The Myth Of Thor's Hammer, Mjölnir, Explained

In Norse mythology, the hammer Mjölnir is every bit as famous as Thor, the thunder god who wields it. The two are so closely tied together that it's hard to find stories about Thor that don't also prominently feature his hammer. And with good reason, too! According to the Online Etymology Dictionary, Thor's name is the same as the Old Norse word for thunder, while notes that the name Mjölnir relates to an Old Prussian word for lightning. Just as thunder and lightning are inseparable, so too are Thor and Mjölnir in the old Norse legends.

Wielding Mjölnir, Thor is tasked with protecting Asgard, the realm of the gods, and Midgard, the earthly world of humanity. As World History Encyclopedia explains, Mjölnir is just one of three magical items Thor used in his duties, the others being a belt that doubles his strength and a pair of great iron gloves that he needs to wield the hammer. Mjölnir, however, is by far the most famous of these, and it was clearly no less famous in ancient times. The "Prose Edda," a 13th-century compilation of Norse myths, notes how the hammer is particularly well known among the frost giants and mountain giants Thor battles against, explaining, "for with it he has split many a skull." But the stories show Mjölnir as far more than just a weapon. In some tales, it almost seems like a character itself.

Thor in Marvel Comics

In 1962, Marvel Comics published "Journey into Mystery" #83, introducing their newest character, the Mighty Thor. In his first story as a comic book hero, Thor was tasked with defending the Earth, using his hammer Mjölnir to fight against the Stone Men from Saturn. Since then, Thor Odinson has become a popular character in Marvel Comics. His fame has only increased after being featured in a lead role in the Marvel Cinematic Universe movies, where he's played by Chris Hemsworth, particularly with his latest appearances in "Thor: Ragnarok" and "Thor: Blood and Thunder." No less prominent is the hammer Mjölnir.
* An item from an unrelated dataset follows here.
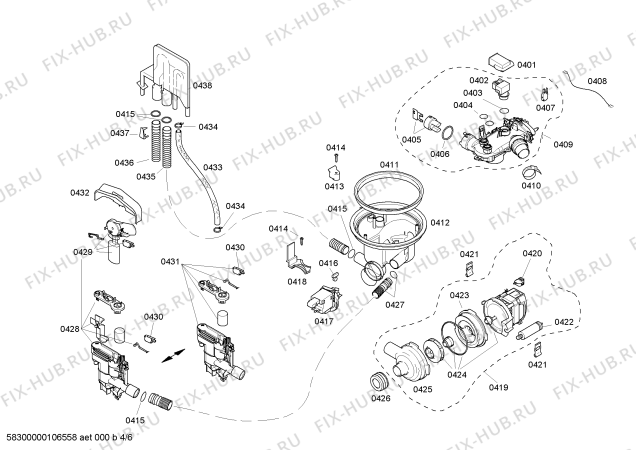 Взрыв-схема посудомоечной машины Bosch SHX46L06UC Bosch - Схема узла 04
The comic book version of Mjölnir is different from its mythological counterpart in a few ways. Marvel's version was forged from the heart of a dying star, whereas the original Mjölnir was created from normal iron. Thor's ability to call Mjölnir to him, however, is taken straight from the ancient legends. As Britannica mentions, one of Mjölnir's abilities has always been to return to Thor's hand after being thrown. If anything, the comic version of Thor is actually stronger than the character from mythology. In legend, Thor needed to wear his pair of magical iron gauntlets to be able to wield Mjölnir, being unable to grasp its handle without them. Some stories even showed Thor as being almost powerless without his hammer. In a way, though, this makes perfect sense. After all, thunder can make a deafening noise, but it's the lightning that strikes.

The forging of Mjölnir

The forging of Mjölnir, it turns out, was all a result of Loki and his trickery. The "Prose Edda" recounts the tale "Loki's Wager with the Dwarfs," in which Loki plays a prank on Thor's wife, Sif, by shaving her head. To pacify the enraged Thor, Loki agrees to find a replacement for Sif's hair, and seeks the help of a group of dwarves known as Ivald's Sons. He persuades them to make new hair for Sif, out of gold, as well as a magical ship, Skidbladner, and Gungnir, the spear of Odin. But Loki isn't satisfied without causing some mischief and makes a bet with a dwarf named Brok that his brother, Sindre, can't make another three treasures of the same quality. Taking the bet, Sindre works tirelessly to create three more legendary objects: Freyr's boar Gullinbursti, the magic gold ring Draupnir, and the hammer Mjölnir.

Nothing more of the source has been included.